Avant la constitution des grandes mannes permanentes, la course était à peu près le seul moyen employé pour étendre jusqu’en mer la zone des hostilités. Que la course dégénérât souvent en piraterie, qu’elle s’adressât aux navires neutres aussi bien qu’aux navires ennemis, personne, pour peu qu’on songe aux mœurs du XVe et du XVIe siècle, à coup sûr, ne s’en étonnera. Une ordonnance de Charles-Quint, promulguée en 1549, montre assez à quelles précautions le commerce maritime se trouvait astreint par suite du peu de sûreté qu’offrait alors la navigation. L’empereur prescrivait que « nul vaisseau, si petit qu’il pût être, » n’entreprît de faire le commerce avec la France, avec l’Angleterre, avec les royaumes du Nord, sans avoir embarqué un équipage de huit hommes au moins en état de porter les armes et six pièces de canon. Si le vaisseau devait pousser ses opérations jusqu’en Espagne, huit hommes n’étaient plus considérés comme un équipage suffisant ; il en fallait seize et dix bouches à feu au lieu de six. Ces chiffres croissaient rapidement avec la grandeur du navire, et l’on voit tel vaisseau marchand quitter à cette époque le port avec un équipage de 44 hommes et un armement de 22 pièces.

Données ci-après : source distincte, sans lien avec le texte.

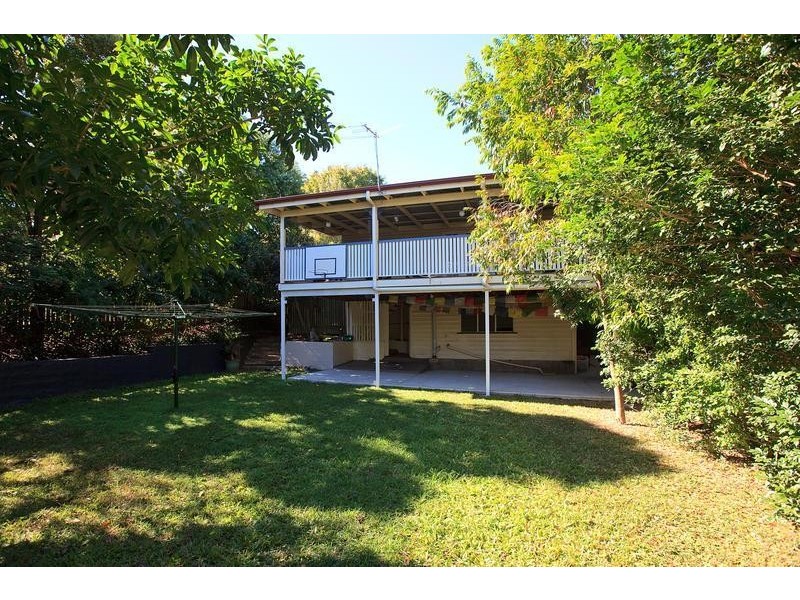 55 Brinawa St, Camp Hill QLD 4152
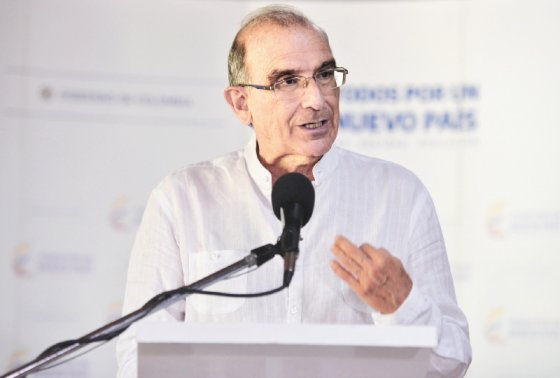 Sigue en discusión un eventual cese bilateral al fuego: De la Calle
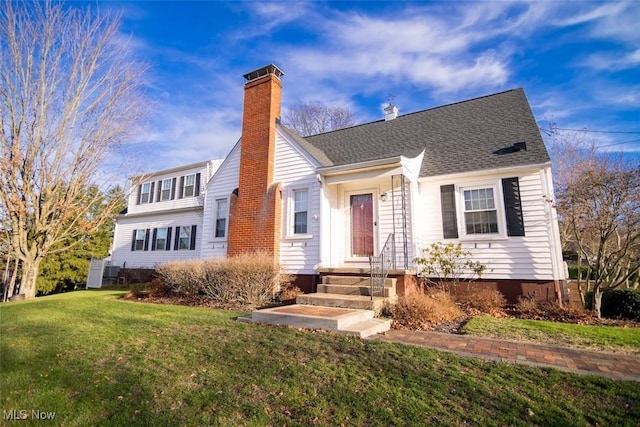 view of front of house featuring a front yard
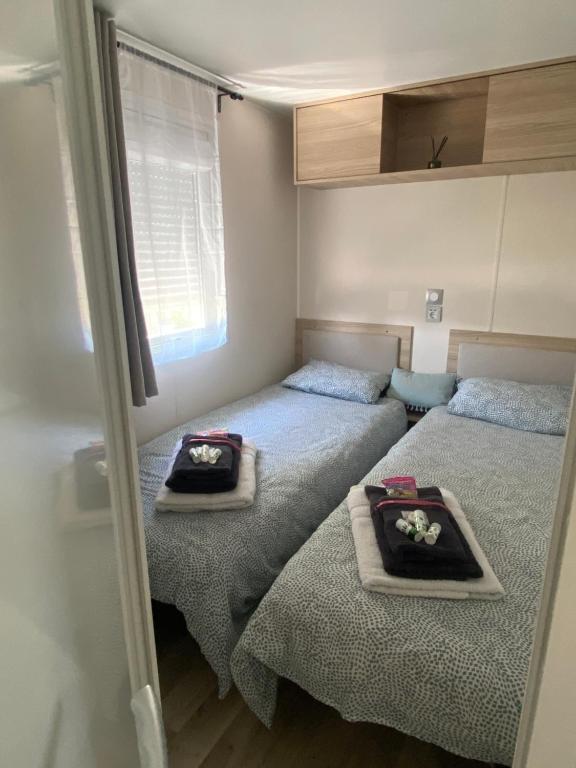 Postel nebo postele na pokoji v ubytování Mobil home 3 chb tout confort, Espace Enfants - Claouey Cap Ferret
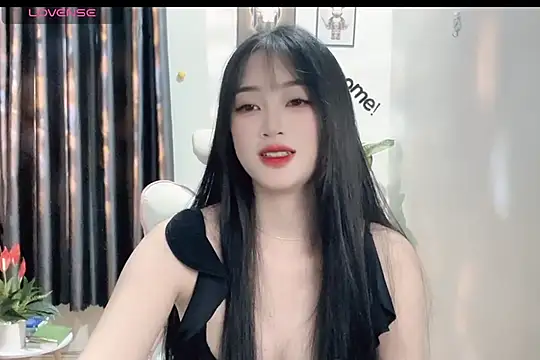 Snapshot of _Aimy_ chatting on 02/13/25, 07:03 Aimy online show from 02/13/25, 07:03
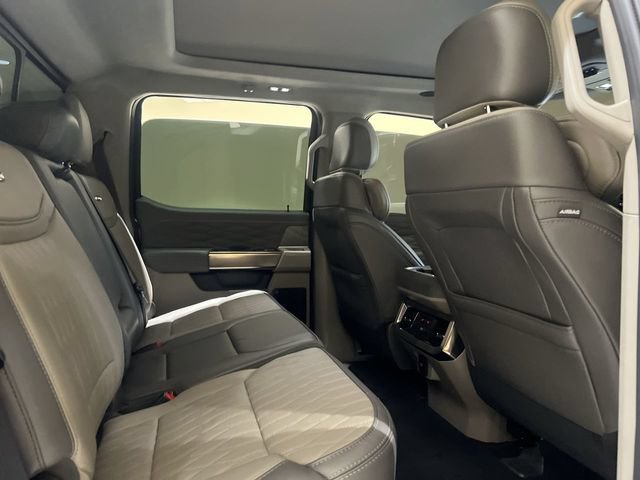 Certified 2025 Ford F250 Platinum w/ Platinum Plus Package AWD/4WD image 27
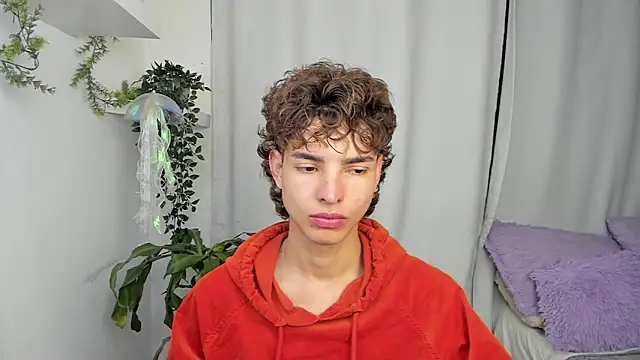 Snapshot of santy-kitty chatting on 12, 1, 2026 santy-kitty online show from 12, 1, 2026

On comprend quelles facilités ces prescriptions, inspirées par une légitime sollicitude, pouvaient à l’occasion offrir pour improviser à peu de frais des flottes de guerre[1]. L’approvisionnement

  1. Nous revenons dans une certaine mesure à ce système par l’armement prévu d’un certain nombre de paquebots. Cet armement serait une des grandes ressources de l’Angleterre, qui aurait, en temps de guerre, tant de flottes marchandes à convoyer.